## AIM OF THE EXERCISE
Type out the entries again, keeping every word unchanged.

Stored dataset items:
Content starts

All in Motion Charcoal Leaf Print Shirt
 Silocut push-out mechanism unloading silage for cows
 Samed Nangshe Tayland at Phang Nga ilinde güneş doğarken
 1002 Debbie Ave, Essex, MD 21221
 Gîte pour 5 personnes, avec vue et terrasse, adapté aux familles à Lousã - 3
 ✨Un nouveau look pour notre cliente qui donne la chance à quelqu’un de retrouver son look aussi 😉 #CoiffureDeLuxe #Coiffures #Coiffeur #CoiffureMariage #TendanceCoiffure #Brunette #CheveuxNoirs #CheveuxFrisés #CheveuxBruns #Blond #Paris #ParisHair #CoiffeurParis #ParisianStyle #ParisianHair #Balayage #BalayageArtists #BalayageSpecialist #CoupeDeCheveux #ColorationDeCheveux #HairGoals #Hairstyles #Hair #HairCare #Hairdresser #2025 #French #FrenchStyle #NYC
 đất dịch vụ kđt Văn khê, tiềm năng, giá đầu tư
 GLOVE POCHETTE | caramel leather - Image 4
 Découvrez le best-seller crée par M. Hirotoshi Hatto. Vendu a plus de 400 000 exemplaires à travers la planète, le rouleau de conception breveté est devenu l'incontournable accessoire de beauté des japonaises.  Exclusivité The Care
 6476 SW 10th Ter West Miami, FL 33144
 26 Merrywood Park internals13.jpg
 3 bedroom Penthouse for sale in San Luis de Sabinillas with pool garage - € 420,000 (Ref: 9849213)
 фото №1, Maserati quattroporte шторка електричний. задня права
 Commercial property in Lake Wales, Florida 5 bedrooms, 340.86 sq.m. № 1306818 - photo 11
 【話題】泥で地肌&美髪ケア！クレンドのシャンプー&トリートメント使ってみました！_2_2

Content ends

## WRITTEN SOLUTION
All in Motion Charcoal Leaf Print Shirt
 Silocut push-out mechanism unloading silage for cows
 Samed Nangshe Tayland at Phang Nga ilinde güneş doğarken
 1002 Debbie Ave, Essex, MD 21221
 Gîte pour 5 personnes, avec vue et terrasse, adapté aux familles à Lousã - 3
 ✨Un nouveau look pour notre cliente qui donne la chance à quelqu’un de retrouver son look aussi 😉 #CoiffureDeLuxe #Coiffures #Coiffeur #CoiffureMariage #TendanceCoiffure #Brunette #CheveuxNoirs #CheveuxFrisés #CheveuxBruns #Blond #Paris #ParisHair #CoiffeurParis #ParisianStyle #ParisianHair #Balayage #BalayageArtists #BalayageSpecialist #CoupeDeCheveux #ColorationDeCheveux #HairGoals #Hairstyles #Hair #HairCare #Hairdresser #2025 #French #FrenchStyle #NYC
 đất dịch vụ kđt Văn khê, tiềm năng, giá đầu tư
 GLOVE POCHETTE | caramel leather - Image 4
 Découvrez le best-seller crée par M. Hirotoshi Hatto. Vendu a plus de 400 000 exemplaires à travers la planète, le rouleau de conception breveté est devenu l'incontournable accessoire de beauté des japonaises.  Exclusivité The Care
 6476 SW 10th Ter West Miami, FL 33144
 26 Merrywood Park internals13.jpg
 3 bedroom Penthouse for sale in San Luis de Sabinillas with pool garage - € 420,000 (Ref: 9849213)
 фото №1, Maserati quattroporte шторка електричний. задня права
 Commercial property in Lake Wales, Florida 5 bedrooms, 340.86 sq.m. № 1306818 - photo 11
 【話題】泥で地肌&美髪ケア！クレンドのシャンプー&トリートメント使ってみました！_2_2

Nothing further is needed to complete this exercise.